家長としての地位やさまざまな財産を末子が相続継承する方式を一般的に末子相続(ばっしそうぞくとも読む)という。末子相続は世界的にみれば,ヨーロッパ,中央アジアの遊牧民,北東アジアの狩猟民,東南アジアの農耕民などに点々と行われているが,日本では西南日本の村落で主に行われている。

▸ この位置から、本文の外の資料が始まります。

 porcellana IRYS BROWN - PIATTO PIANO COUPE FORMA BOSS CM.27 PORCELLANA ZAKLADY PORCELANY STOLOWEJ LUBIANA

日本における末子相続の具体的方法はかなり複雑である。最も多いのは子どもたちのうち長男から順に分家して,最後に残った末子が相続する方法であり,このほかには一度分家や転出した末子がふたたび両親のもとにもどって相続する方法もある。また親が長男にあとを譲ったのち,次・三男や女子を連れて隠居分家をくりかえし,最後に親と同居した末子が親のあとをつぐ方法も,一般的には長男相続(長子相続)と隠居分家の制度であるが,これも事実上末子相続に非常に近い相続形態である。
末子相続の特徴の一つは,末子相続といいながらも,相続継承者が末子に規定的に限定されないことであり,長男や仲兄(ちゆうけい)の相続もかなり認められる。したがってこの点では規定的に相続継承者が限定されている姉家督(あねかとく)相続や長男相続と対照的であり,むしろ複数の相続候補者の中から一人の相続人を選ぶ選定相続にきわめて近いといえる。選定相続と末子相続の差はきわめて微妙であるが,どちらかといえば選定相続が長男や次男など,子どもたちのうちでも早く生まれた者にかたよる傾向があるのに対して,末子相続は遅く生まれた末子にかたよる傾向が見られる点が異なるといえる。この点において末子相続は末子規定的相続ではなくて,末子優先的相続である。また財産の分与は,相続者に一括して財産が相続される形態ではなく,兄弟全員に均分的に相続される傾向があり,この点においても姉家督相続や長男相続における一括相続的傾向と異なる。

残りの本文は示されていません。